Thomas S. wählt die klassische Methode für seinen Ausbruch: Mit einem Besenstiel, einem Tischbein und Tafelbesteck schlägt der Sexualstraftäter ein kleines Loch in die Wand seiner Zelle im dritten Stock der Hamburger Untersuchungshaftanstalt. Den Krach bemerkt niemand – denn gleichzeitig dröhnt über dem benachbarten Vergnügungsmarkt Hamburger Dom ein Feuerwerk. Der schmächtige Mann zwängt sich durch das nur kopfgrosse Loch und seilt sich mit einem Bettlaken an der Aussenwand ab. Den Alarm, den Thomas S. auslöst, hält das Wachpersonal für einen Fehlalarm, auf ihren Monitoren können sie nichts Auffälliges entdecken. Obwohl sich Thomas S. bei der Flucht offenbar verletzt hat und die Polizei die Blutspur hunderte Meter verfolgen kann, fehlt zunächst jede Spur von dem Flüchtigen. Erst vier Tage nach dem Ausbruch stellt ihn das Mobile Einsatzkommando im Hamburger Randbezirk Bergedorf.

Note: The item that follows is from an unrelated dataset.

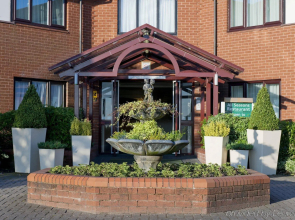 Holiday Inn A55 Chester West by IHG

2014 – Mit freundlichen Grüssen

Zwei Schwerverbrecher zersägen die Gitterstäbe, klettern über einen vier Meter hohen Zaun und unter Stacheldraht hindurch – so weit ist der Ausbruch von Metin M. und Ulrich Z. noch relativ unspektakulär. Doch als die Polizei die Zelle der Flüchtigen durchsucht, stösst sie auf eindeutige Hinweise auf Fluchtziele. "Wir überprüfen das, können aber nicht ausschliessen, dass die beiden uns an der Nase herumführen", sagte ein Ermittler. Wahrscheinlich eher Letzteres – denn die Beamten fanden auch einen Zettel von Ulrich Z., die nette Botschaft: "Muss noch was erledigen, komme in drei Wochen wieder."

Die Vorhersage erfüllte sich nicht ganz. Nach rund zweieinhalb Wochen nahm ihn die Polizei fest. Ulrich Z. hatte in einem Charlottenburger Hotel eingecheckt, gab sich als Tourist aus, trug einen rot gefärbten Bart und sprach extra gebrochenes Englisch. Doch die Mitarbeiter erkannten den Mann, der per Steckbrief gesucht wurde, und alarmierten die Polizei. Sein Komplize Metin M. hielt fast zwei Monate länger durch, obwohl auch er in Berlin blieb – er wurde schliesslich in Reinickendorf festgenommen.

Übrigens: Strafrechtlich belangt werden die Insassen für einen Gefängnisausbruch grundsätzlich nicht. Der Gesetzgeber erkennt den Drang nach Freiheit als Ausdruck der Persönlichkeit an. Allerdings begehen die Insassen und ihre Helfer im Zuge des Ausbruchs meist Straftaten wie Sachbeschädigung, Bestechung und Körperverletzung, für die sie natürlich belangt werden. Und auf eine frühzeitige Entlassung wegen guter Führung dürfen Flüchtige dann auch eher nicht hoffen.